CVLTORES QVI SIGVS CONSISTVNT

Une lettre de Cyprien nous apprend que le territoire de Sigus possédait une mine, « metallum Siguense, » où des chrétiens, ainsi que leurs chefs spirituels, avaient été déportés par suite de persécutions. >>

A l'époque romaine, le travail des mines était une des peines que subissaient les criminels. L'histoire nous a transmis les souffrances des chrétiens que l'on y enchaînait en expiation de leur foi. Les Vandales exercèrent les mêmes rigueurs au nom de l'arianisme.

Quoiqu'il en soit, les recherches entreprises, soit par les ingénieurs, soit par les officiers, n'ont encore signalé aucun indice de nature à fixer l'emplacement de l'exploitation de Sigus, la mine la plus rapprochée, celle d'où l'on extrayait de l'antimoine, il y a quelques années, se trouvant dans la montagne de Sidi Reghis à quarante kilomètres du bordj de Sigus.

Quelques personnes, supposant que les déportés chrétiens étaient aussi employés à l'exploitation des carrières du marbre, dit numidique, que les Romains recherchaient tant pour leurs meubles de luxe, ont fait, autour de Sigus, des recherches qui sont restées également infructueuses.

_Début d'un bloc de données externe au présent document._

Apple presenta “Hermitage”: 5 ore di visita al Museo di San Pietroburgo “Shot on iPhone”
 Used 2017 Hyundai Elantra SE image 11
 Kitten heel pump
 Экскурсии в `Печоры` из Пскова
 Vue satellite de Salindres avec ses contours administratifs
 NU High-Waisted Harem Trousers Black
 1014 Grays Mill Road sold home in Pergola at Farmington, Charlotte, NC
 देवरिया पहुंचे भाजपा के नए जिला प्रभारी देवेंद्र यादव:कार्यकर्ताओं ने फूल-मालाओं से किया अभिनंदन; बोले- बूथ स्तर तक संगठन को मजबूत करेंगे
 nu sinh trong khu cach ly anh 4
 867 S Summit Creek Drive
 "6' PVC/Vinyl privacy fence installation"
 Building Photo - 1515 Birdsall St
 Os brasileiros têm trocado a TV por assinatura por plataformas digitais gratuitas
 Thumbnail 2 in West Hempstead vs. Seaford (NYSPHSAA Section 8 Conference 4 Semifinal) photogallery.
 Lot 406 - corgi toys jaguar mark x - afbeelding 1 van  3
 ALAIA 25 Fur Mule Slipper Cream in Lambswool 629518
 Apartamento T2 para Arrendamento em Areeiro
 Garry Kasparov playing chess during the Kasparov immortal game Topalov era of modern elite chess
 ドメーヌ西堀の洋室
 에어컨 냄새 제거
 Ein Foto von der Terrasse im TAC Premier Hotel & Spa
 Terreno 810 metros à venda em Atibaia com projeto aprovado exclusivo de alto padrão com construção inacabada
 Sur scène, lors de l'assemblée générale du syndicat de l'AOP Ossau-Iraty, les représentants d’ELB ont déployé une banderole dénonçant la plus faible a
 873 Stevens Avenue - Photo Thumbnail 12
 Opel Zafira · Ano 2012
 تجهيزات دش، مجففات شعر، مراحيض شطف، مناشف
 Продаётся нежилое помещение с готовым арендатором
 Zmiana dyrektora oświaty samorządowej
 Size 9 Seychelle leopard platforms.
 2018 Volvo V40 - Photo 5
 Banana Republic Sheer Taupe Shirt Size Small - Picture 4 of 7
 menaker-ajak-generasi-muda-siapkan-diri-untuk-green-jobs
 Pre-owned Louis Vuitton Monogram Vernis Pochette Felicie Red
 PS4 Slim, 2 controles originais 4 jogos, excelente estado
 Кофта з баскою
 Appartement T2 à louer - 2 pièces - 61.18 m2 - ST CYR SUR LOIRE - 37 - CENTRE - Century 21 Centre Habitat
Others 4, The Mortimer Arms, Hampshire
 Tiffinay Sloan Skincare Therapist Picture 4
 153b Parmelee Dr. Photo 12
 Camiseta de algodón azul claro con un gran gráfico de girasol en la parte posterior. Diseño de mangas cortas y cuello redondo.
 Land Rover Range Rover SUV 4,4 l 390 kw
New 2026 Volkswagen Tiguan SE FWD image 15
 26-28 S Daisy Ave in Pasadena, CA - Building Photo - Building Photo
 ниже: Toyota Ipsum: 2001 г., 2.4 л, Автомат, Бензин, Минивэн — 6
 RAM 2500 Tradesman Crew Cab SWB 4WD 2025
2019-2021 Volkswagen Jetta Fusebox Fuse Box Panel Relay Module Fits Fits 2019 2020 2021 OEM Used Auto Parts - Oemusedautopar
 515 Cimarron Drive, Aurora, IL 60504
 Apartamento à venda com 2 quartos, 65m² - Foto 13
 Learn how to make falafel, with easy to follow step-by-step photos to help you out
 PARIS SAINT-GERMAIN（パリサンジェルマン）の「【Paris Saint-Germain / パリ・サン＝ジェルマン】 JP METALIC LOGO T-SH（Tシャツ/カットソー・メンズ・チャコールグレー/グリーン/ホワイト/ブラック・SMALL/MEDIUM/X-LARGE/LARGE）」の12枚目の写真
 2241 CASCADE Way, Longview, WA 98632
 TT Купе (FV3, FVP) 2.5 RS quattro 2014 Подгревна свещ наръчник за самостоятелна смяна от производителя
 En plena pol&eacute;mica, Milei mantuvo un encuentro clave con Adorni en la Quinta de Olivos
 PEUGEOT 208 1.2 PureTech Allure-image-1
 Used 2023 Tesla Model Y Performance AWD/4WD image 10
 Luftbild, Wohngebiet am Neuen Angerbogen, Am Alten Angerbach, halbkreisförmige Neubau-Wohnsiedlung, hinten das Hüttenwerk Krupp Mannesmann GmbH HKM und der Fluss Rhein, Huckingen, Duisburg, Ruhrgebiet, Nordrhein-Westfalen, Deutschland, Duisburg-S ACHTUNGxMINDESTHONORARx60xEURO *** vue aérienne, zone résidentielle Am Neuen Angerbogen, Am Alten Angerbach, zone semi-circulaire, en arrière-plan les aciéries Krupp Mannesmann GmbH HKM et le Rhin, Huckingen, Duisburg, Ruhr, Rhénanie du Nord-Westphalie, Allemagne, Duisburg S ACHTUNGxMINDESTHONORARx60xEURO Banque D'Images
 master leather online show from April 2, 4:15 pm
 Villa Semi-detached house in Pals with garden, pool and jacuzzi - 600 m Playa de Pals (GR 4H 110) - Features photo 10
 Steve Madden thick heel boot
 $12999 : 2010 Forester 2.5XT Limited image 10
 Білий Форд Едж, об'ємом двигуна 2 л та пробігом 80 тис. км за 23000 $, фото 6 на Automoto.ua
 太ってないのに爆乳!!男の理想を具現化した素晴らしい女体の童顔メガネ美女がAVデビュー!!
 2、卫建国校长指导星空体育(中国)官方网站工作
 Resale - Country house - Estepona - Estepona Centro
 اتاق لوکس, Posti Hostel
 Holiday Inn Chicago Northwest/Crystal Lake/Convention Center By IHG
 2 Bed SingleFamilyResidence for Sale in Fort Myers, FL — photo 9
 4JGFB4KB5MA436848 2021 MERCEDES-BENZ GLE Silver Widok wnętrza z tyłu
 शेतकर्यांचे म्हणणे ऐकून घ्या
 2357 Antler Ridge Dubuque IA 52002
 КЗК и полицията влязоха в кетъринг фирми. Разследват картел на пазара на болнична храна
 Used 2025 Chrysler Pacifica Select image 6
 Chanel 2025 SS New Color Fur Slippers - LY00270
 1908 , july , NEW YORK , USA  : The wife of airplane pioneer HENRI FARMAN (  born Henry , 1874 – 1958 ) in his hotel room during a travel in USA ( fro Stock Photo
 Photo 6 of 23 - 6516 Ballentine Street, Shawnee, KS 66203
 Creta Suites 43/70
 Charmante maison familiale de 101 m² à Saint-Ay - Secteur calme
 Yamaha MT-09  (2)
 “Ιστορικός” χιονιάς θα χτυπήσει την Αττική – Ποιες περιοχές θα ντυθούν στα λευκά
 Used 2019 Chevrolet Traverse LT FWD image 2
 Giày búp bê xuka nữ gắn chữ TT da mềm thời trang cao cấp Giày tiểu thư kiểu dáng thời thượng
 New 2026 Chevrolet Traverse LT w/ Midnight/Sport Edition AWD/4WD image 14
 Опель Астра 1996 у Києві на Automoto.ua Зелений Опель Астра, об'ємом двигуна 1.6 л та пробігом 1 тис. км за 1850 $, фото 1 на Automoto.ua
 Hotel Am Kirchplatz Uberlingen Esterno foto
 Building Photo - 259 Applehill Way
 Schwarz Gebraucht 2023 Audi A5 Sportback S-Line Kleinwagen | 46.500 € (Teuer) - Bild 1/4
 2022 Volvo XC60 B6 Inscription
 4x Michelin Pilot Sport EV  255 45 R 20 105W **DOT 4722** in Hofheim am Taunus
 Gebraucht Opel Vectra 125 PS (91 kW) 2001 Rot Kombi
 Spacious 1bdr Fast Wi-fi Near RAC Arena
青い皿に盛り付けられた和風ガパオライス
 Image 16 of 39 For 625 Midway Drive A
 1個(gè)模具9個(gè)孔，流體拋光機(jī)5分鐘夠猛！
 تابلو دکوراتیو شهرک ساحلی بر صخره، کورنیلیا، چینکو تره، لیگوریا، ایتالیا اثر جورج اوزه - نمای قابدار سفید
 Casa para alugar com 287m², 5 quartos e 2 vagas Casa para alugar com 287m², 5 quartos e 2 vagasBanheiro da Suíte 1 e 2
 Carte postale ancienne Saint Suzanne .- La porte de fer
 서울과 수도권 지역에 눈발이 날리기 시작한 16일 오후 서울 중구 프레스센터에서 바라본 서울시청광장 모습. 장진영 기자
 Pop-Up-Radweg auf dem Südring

Durant le v siècle de notre ère, Sigus fut le siége d'un

évêché. Les ruines romaines y sont nombreuses, et on trouve même parmi elles des monuments de forme celtique, tels que dolmens, cromlechs et alignements de pierres, entre autres aux environs de Sigus même, à Aïoun Diab et à Ras el-Aïn bou Merzoug (1).

Que se passa-t-il dans cette région, depuis l'époque romaine jusqu'au moment de l'invasion arabe? L'histoire ne nous fournit, à ce sujet, aucun détail particulier. D'après Ibn Khaldoun, cette partie de la province de Constantine était habitée par la population berbère des Haouara, dont une partie professait la religion de Moïse, et au milieu de laquelle vint se fondre la tribu arabe des Soleïm. Pendant de longues années, c'est-à-dire jusqu'au commencement de la domination turque, au XVIe siècle, le territoire des Segnia fut soumis à l'autorité des Chabbia, douaouda ou famille noble de la tribu des Dreïd de la Tunisie. A la suite de guerres et de bouleversements politiques, comme il s'en produisit souvent au moyenâge, d'autres familles influentes, lasses de leur rôle secondaire, se mirent à la tête de partisans qui, sous le nom de Hanencha, Nememcha, Haracta, Segnia ou tout simplement de Kherareb, les fractions, réussirent à s'affranchir de la suprématie des Chabbia. C'est alors que la tribu des Segnïa se forma, et adopta pour nom patronymique celui de l'ancienne ville romaine de Sigus, autour de laquelle se dressaient ses campements, nom antique qui s'est transmis de père en fils dans la tradition locale. Ce fait est, du reste, démontré par les récits

(1) Voir le travail que nous avons publié à ce sujet, dans ce Recueil, volume de l'année 1864.